What are this program’s advantages? Well, first of all, the increase in longevity. We have increased the longevity from 5.7 months to approximately 100 months, which is very substantial, and half of the patients are still alive. There has been a tremendous decrease in pain and anxiety, even amongst those who were dying. We do not have the final answer, but we have at least a partial answer. The use of nutrients, like vitamin C and B3 increase the efficacy of chemotherapy by increasing its killing effect on the tumor and decreasing its toxicity on normal tissues. The same has been shown to be true with radiation therapy.

My conclusion is that vitamin C must be a vital component of every cancer treatment program. I believe the other nutrients help, adding 20% to 30% to longevity.

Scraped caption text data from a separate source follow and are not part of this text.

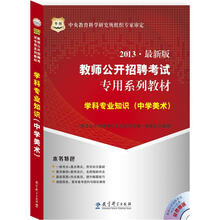 华图版2013教师公开招聘考试专用系列教材:学科专业知识(中学美术)(附4合1光盘)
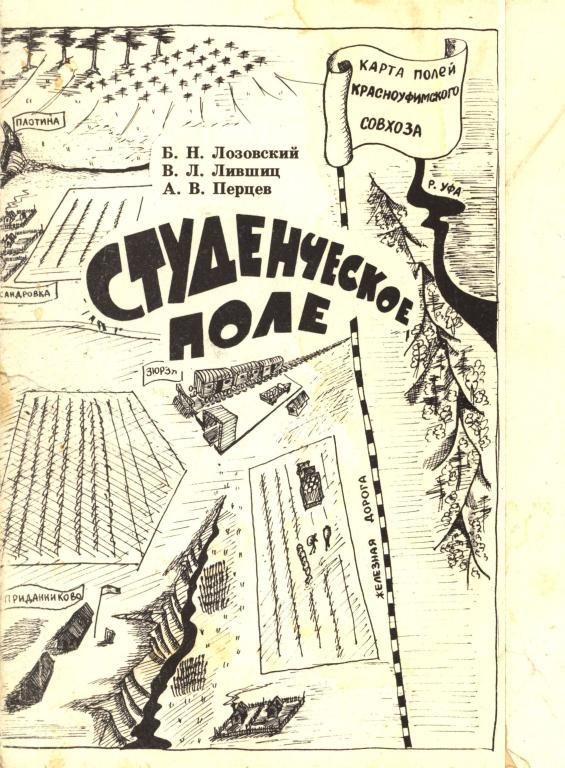 Обложка книги «Студенческое поле»
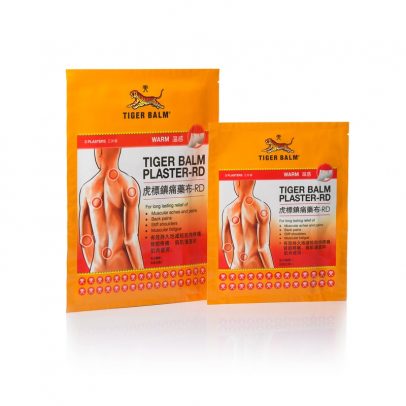 Согревающий и обезболивающий пластырь (красный) от Tiger Balm, Medicated Plaster Warm Red, 2 шт 7×10 см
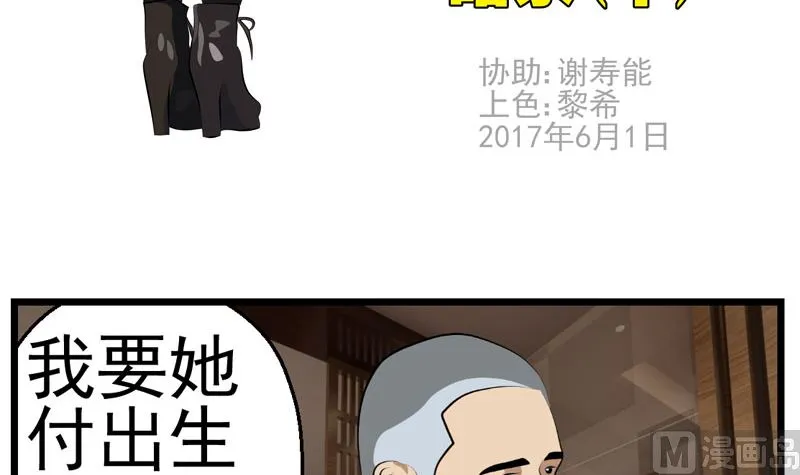 暗杀（中） 第3页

What do we need? We need a definitive study. When I did the study, when I wrote it up with Dr. Linus Pauling, it wasn’t our belief that we had answered the question. We hoped that this would stimulate enough interest for the institutes that have the finances and the time to do these studies to get going and do them properly. We need a definitive large-scale study to tease out the relative value of all the nutrients. This is extremely important. I am not telling you that I have a treatment for cancer; I say that we have improved the results of treatment. My conclusion is that the best treatment for cancer today is a combination of the best that modem medicine can offer, surgery, radiation, chemotherapy, combined with the best of what orthomolecular physicians can offer, which is nutrition, nutrients and hope.